I did post this in the urgent math help section, but I did not get an answer, so I am trying here.
I am going to try and delete my post in the Urgent section so I don't have duplicates.
Thanks all you math geniuses!
Use the binomial distriubution with n=20, p = 0.5 to compare accuracy of the normal approximation to the binomial.
a. Compute the exact probablities and corresponding normal approximations for y<2.
b. The normal approximation can be improved slightly by taking P(y<2.5).
Compare your results. Why should this help?
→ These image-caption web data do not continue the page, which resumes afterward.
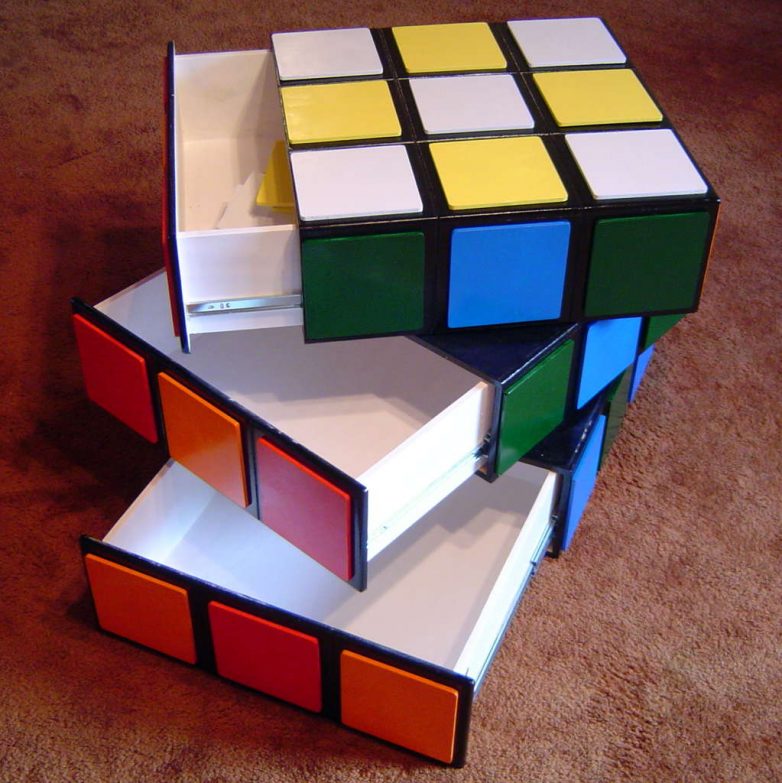 Комод в виде кубика Рубика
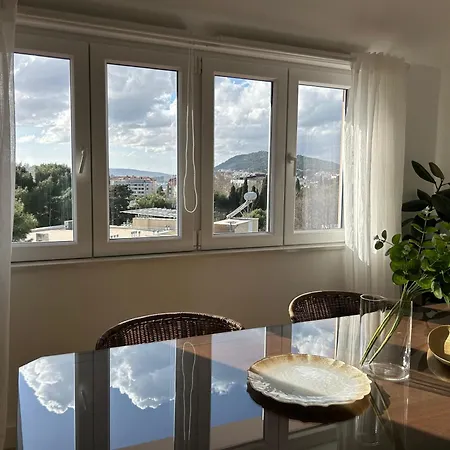 Penthouse Bavis - Brand New Luxurious 3-br - Location In The Center Next To The - Sea View - Buralux Properties Apartamento Split
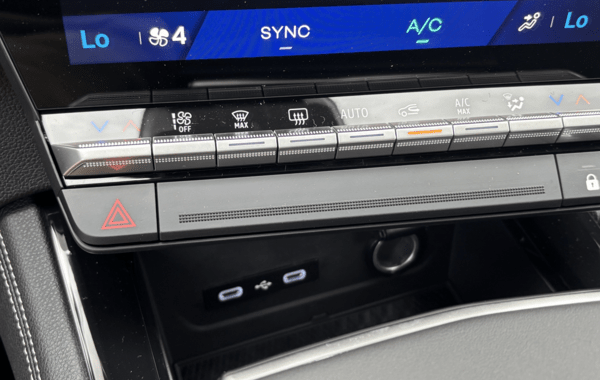 renault-austral-1-2-e-tech-full-hybrid-200ch-techno-25 - 151864686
c. Compute the exact probabilities and corresponding normal approximations for 3<y<6 (note: 3.5<y<6.5 seems to work better for the normal approximation.)
Note: (0.5) to the 20th = 0.000001)
I did the first part calculating the exact propabilities using the binomial probability disribution.
P(y<2) = P(y=1) + P(y=0)
P(1) = [20!/1!(20-1)!] (0.5)^1 (0.5)^19 = 0.00002
P(0) = [20!/0!(20-0)!] (0.5)^0 (0.5)^20 = 0.0000005
0.00002+0.0000005 = 0.0000205
Then the normal approximation for P(y<2).
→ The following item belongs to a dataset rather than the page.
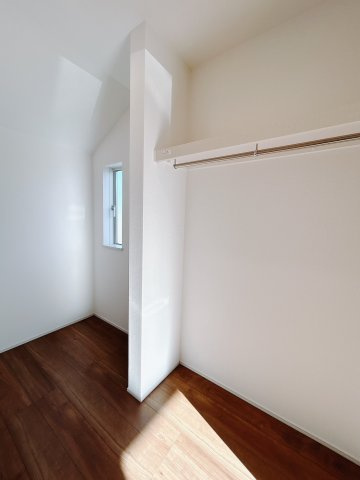 【新築戸建】高崎市浜尻町700番11の収納|■WIC｜お洋服はもちろん、使う頻度の少ない家具や小物・場所を取りがちな旅行用のスーツケースなどもしまえます。また、厚手のコートをしまっても充分な広さを堪能できるプランです♪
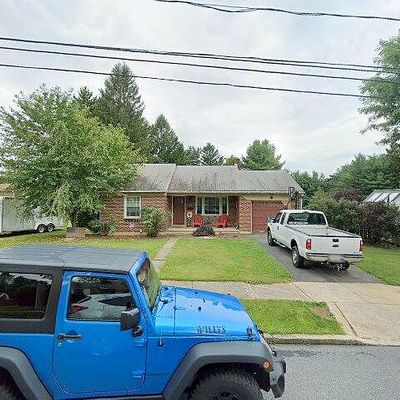 550 1 St St, Whitehall, PA 18052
P(y<2) = P(y less than or equal to 1)
convert to the standard normal z value using the correction for continuity
z = [(a+0.5) - mu]/sigma
mu = np = 20(0.5) = 10
sigma = sqre[npq] = sqre[20(0.5)(0.5)] = 2.236
z = [(1+0.5) - 10]/2.236 = -3.8
using normal curve table, my table only goes up to 3.09 so I guessed at what 3.8 would be, about 0.4998
0.5 - 0.4998 = 0.0002
P(y<2) = P(y less than or equal to 1) = P(z less than or equal to -3.8) = 0.0002
Part (b) is where I get really stumped, my textbook says to "express the binomial probability to be approximated in the form P(x less than or equal to a)." I have no idea how to do this with a decimal number.
Does P(y<2.5) = P(y less than or equal to 1.5) ??? This doesn't seem to make any sense.
Also with part (c) I don't know how to express P(3.5<y<6.5) in the correct form.
Maybe P(y less than or equal to 5.5) - P(y less than or equal to 1.5)
I'm confused, let me know what I'm doing wrong.